This is a far cry from a wild mouse's life—no cats, no traps, no long winters. It's even better than your average lab mouse's, which is constantly interrupted by white-coated humans with scalpels or syringes. The residents of Universe 25 were mostly left alone, save for one man who would peer at them from above, and his team of similarly interested assistants. They must have thought they were the luckiest mice in the world. They couldn't have known the truth: that within a few years, they and their descendants would all be dead.

The man who played mouse-God and came up with this doomed universe was named John Bumpass Calhoun. As Edmund Ramsden and Jon Adams detail in a paper, "Escaping the Laboratory: The Rodent Experiments of John B. Calhoun & Their Cultural Influence," Calhoun spent his childhood traipsing around Tennessee, chasing toads, collecting turtles, and banding birds. These adventures eventually led him to a doctorate in biology, and then a job in Baltimore, where he was tasked with studying the habits of Norway rats, one of the city's chief pests.

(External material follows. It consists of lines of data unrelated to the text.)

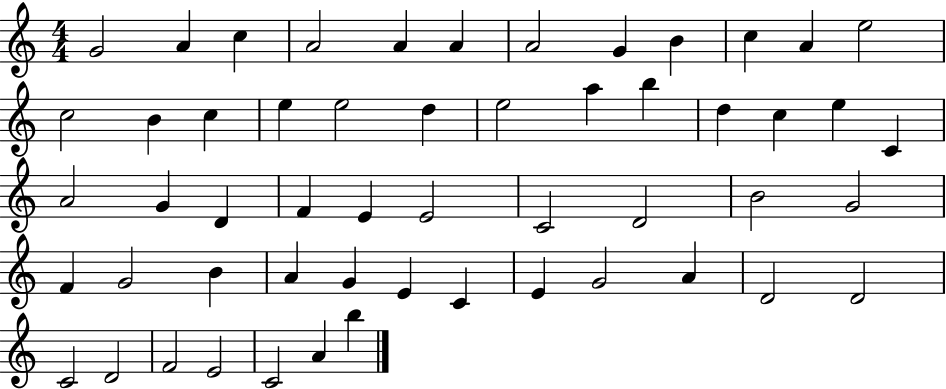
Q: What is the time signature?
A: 4/4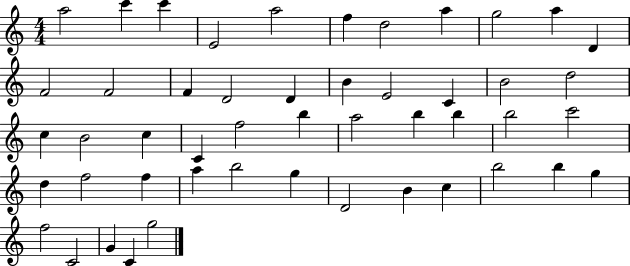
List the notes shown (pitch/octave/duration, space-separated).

A5/h C6/q C6/q E4/h A5/h F5/q D5/h A5/q G5/h A5/q D4/q F4/h F4/h F4/q D4/h D4/q B4/q E4/h C4/q B4/h D5/h C5/q B4/h C5/q C4/q F5/h B5/q A5/h B5/q B5/q B5/h C6/h D5/q F5/h F5/q A5/q B5/h G5/q D4/h B4/q C5/q B5/h B5/q G5/q F5/h C4/h G4/q C4/q G5/h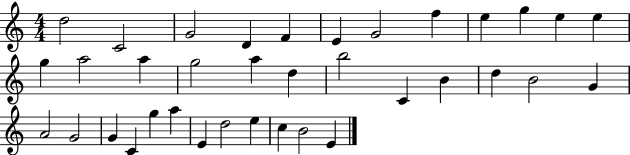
D5/h C4/h G4/h D4/q F4/q E4/q G4/h F5/q E5/q G5/q E5/q E5/q G5/q A5/h A5/q G5/h A5/q D5/q B5/h C4/q B4/q D5/q B4/h G4/q A4/h G4/h G4/q C4/q G5/q A5/q E4/q D5/h E5/q C5/q B4/h E4/q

Calhoun displaying scarring on the tail of a color-coded Universe 25 mouse.

In 1947, to keep a close eye on his charges, Calhoun constructed a quarter-acre "rat city" behind his house, and filled it with breeding pairs. He expected to be able to house 5,000 rats there, but over the two years he observed the city, the population never exceeded 150. At that point, the rats became too stressed to reproduce. They started acting weirdly, rolling dirt into ***** rather than digging normal tunnels. They hissed and fought.

This fascinated Calhoun—if the rats had everything they needed, what was keeping them from overrunning his little city, just as they had all of Baltimore?

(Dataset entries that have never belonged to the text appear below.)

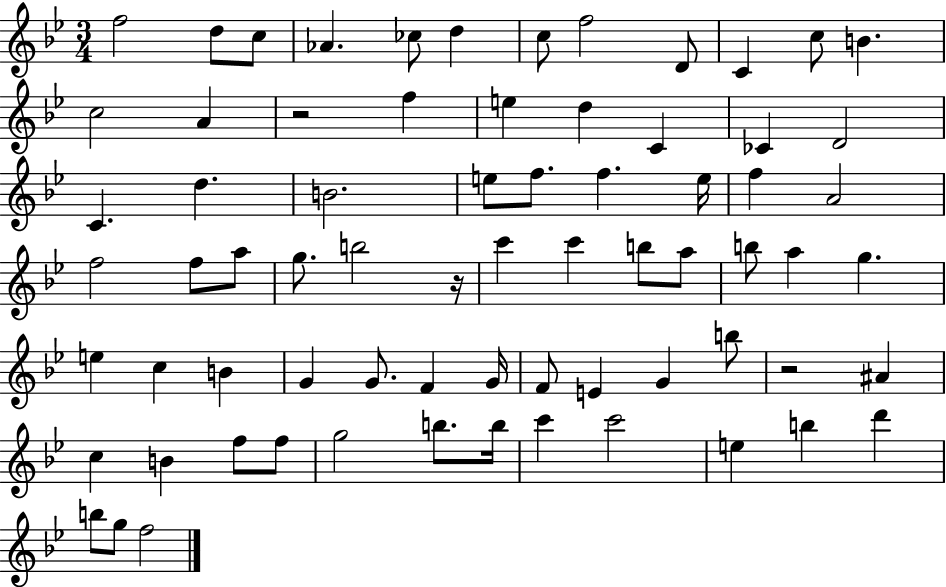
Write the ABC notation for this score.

X:1
T:Untitled
M:3/4
L:1/4
K:Bb
f2 d/2 c/2 _A _c/2 d c/2 f2 D/2 C c/2 B c2 A z2 f e d C _C D2 C d B2 e/2 f/2 f e/4 f A2 f2 f/2 a/2 g/2 b2 z/4 c' c' b/2 a/2 b/2 a g e c B G G/2 F G/4 F/2 E G b/2 z2 ^A c B f/2 f/2 g2 b/2 b/4 c' c'2 e b d' b/2 g/2 f2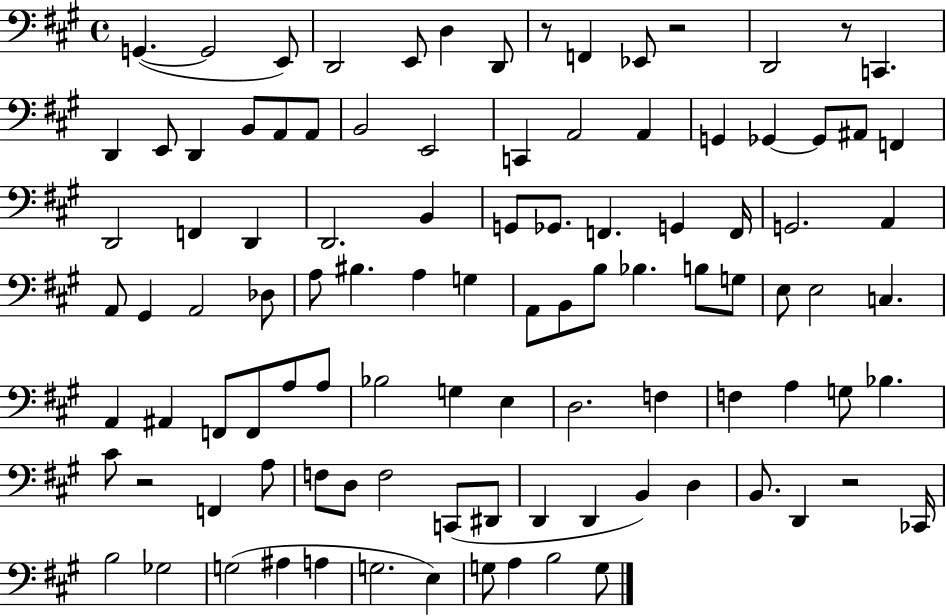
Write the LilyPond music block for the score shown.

{
  \clef bass
  \time 4/4
  \defaultTimeSignature
  \key a \major
  g,4.~(~ g,2 e,8) | d,2 e,8 d4 d,8 | r8 f,4 ees,8 r2 | d,2 r8 c,4. | \break d,4 e,8 d,4 b,8 a,8 a,8 | b,2 e,2 | c,4 a,2 a,4 | g,4 ges,4~~ ges,8 ais,8 f,4 | \break d,2 f,4 d,4 | d,2. b,4 | g,8 ges,8. f,4. g,4 f,16 | g,2. a,4 | \break a,8 gis,4 a,2 des8 | a8 bis4. a4 g4 | a,8 b,8 b8 bes4. b8 g8 | e8 e2 c4. | \break a,4 ais,4 f,8 f,8 a8 a8 | bes2 g4 e4 | d2. f4 | f4 a4 g8 bes4. | \break cis'8 r2 f,4 a8 | f8 d8 f2 c,8( dis,8 | d,4 d,4 b,4) d4 | b,8. d,4 r2 ces,16 | \break b2 ges2 | g2( ais4 a4 | g2. e4) | g8 a4 b2 g8 | \break \bar "|."
}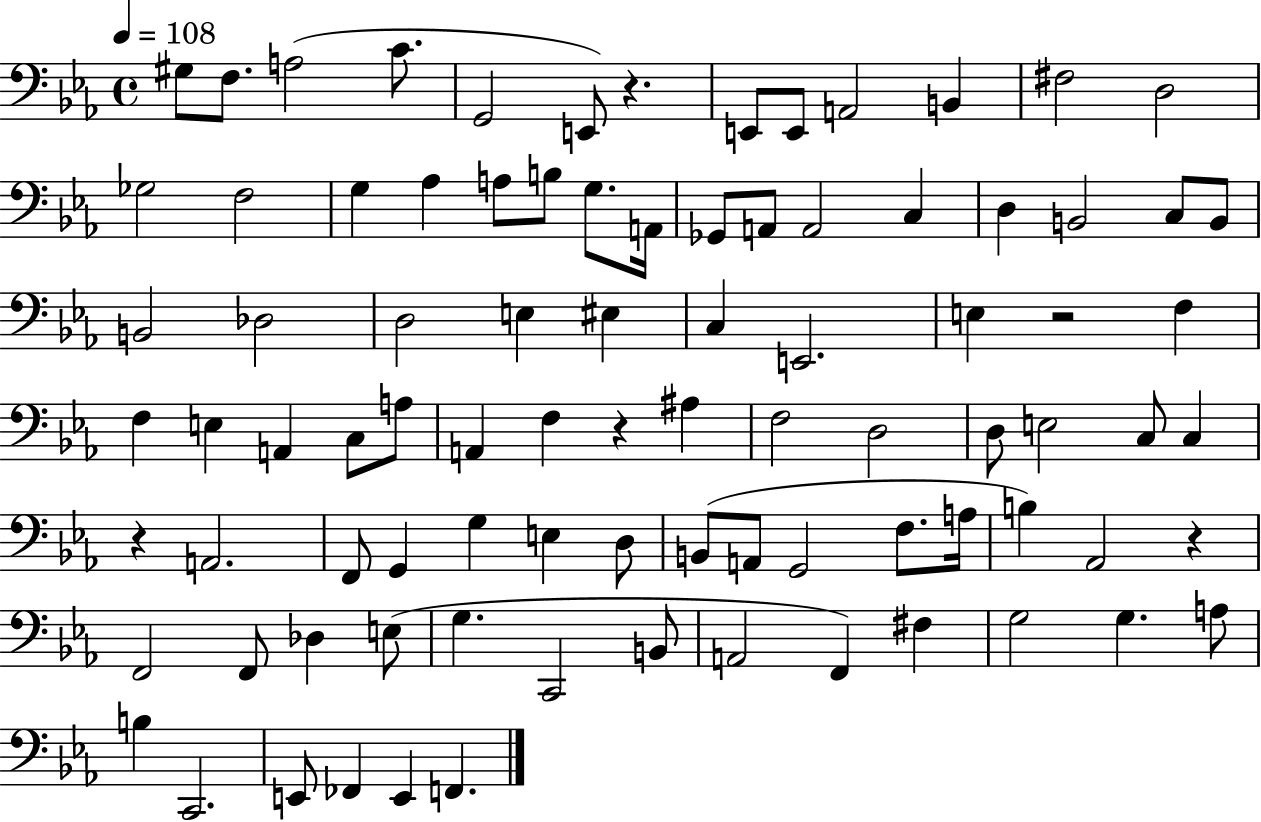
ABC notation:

X:1
T:Untitled
M:4/4
L:1/4
K:Eb
^G,/2 F,/2 A,2 C/2 G,,2 E,,/2 z E,,/2 E,,/2 A,,2 B,, ^F,2 D,2 _G,2 F,2 G, _A, A,/2 B,/2 G,/2 A,,/4 _G,,/2 A,,/2 A,,2 C, D, B,,2 C,/2 B,,/2 B,,2 _D,2 D,2 E, ^E, C, E,,2 E, z2 F, F, E, A,, C,/2 A,/2 A,, F, z ^A, F,2 D,2 D,/2 E,2 C,/2 C, z A,,2 F,,/2 G,, G, E, D,/2 B,,/2 A,,/2 G,,2 F,/2 A,/4 B, _A,,2 z F,,2 F,,/2 _D, E,/2 G, C,,2 B,,/2 A,,2 F,, ^F, G,2 G, A,/2 B, C,,2 E,,/2 _F,, E,, F,,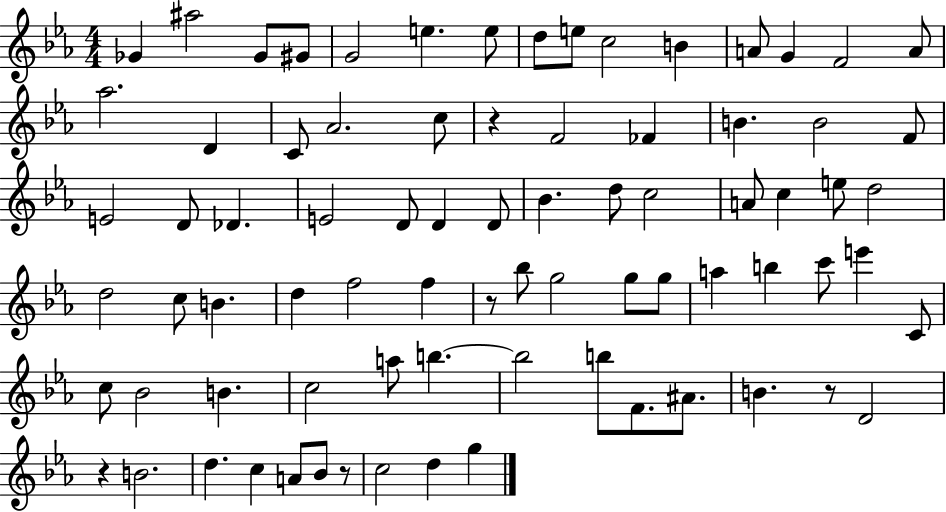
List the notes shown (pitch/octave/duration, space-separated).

Gb4/q A#5/h Gb4/e G#4/e G4/h E5/q. E5/e D5/e E5/e C5/h B4/q A4/e G4/q F4/h A4/e Ab5/h. D4/q C4/e Ab4/h. C5/e R/q F4/h FES4/q B4/q. B4/h F4/e E4/h D4/e Db4/q. E4/h D4/e D4/q D4/e Bb4/q. D5/e C5/h A4/e C5/q E5/e D5/h D5/h C5/e B4/q. D5/q F5/h F5/q R/e Bb5/e G5/h G5/e G5/e A5/q B5/q C6/e E6/q C4/e C5/e Bb4/h B4/q. C5/h A5/e B5/q. B5/h B5/e F4/e. A#4/e. B4/q. R/e D4/h R/q B4/h. D5/q. C5/q A4/e Bb4/e R/e C5/h D5/q G5/q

Intrigued, Calhoun built another, slightly bigger rat metropolis—this time in a barn, with ramps connecting several different rooms. Then he built another and another, hopping between patrons that supported his research, and framing his work in terms of population: How many individuals could a rodent city hold without losing its collective mind? By 1954, he was working under the auspices of the National Institute of Mental Health, which gave him whole rooms to build his rodentopias. Some of these featured rats, while others focused on mice instead. Like a rodent real estate developer, he incorporated ever-better amenities: climbable walls, food hoppers that could serve two dozen customers at once, lodging he described as "walk-up one-room apartments." Video records of his experiments show Calhoun with a pleased smile and a pipe in his mouth, color-coded mice scurrying over his boots.

Still, at a certain point, each of these paradises collapsed. "There could be no escape from the behavioral consequences of rising population density," Calhoun wrote in an early paper. Even Universe 25—the biggest, best mousetopia of all, built after a quarter century of research—failed to break this pattern. In late October, the first litter of mouse pups was born. After that, the population doubled every two months—20 mice, then 40, then 80. The babies grew up and had babies of their own. Families became dynasties, carving out and holding down the best in-cage real estate. By August of 1969, the population numbered 620.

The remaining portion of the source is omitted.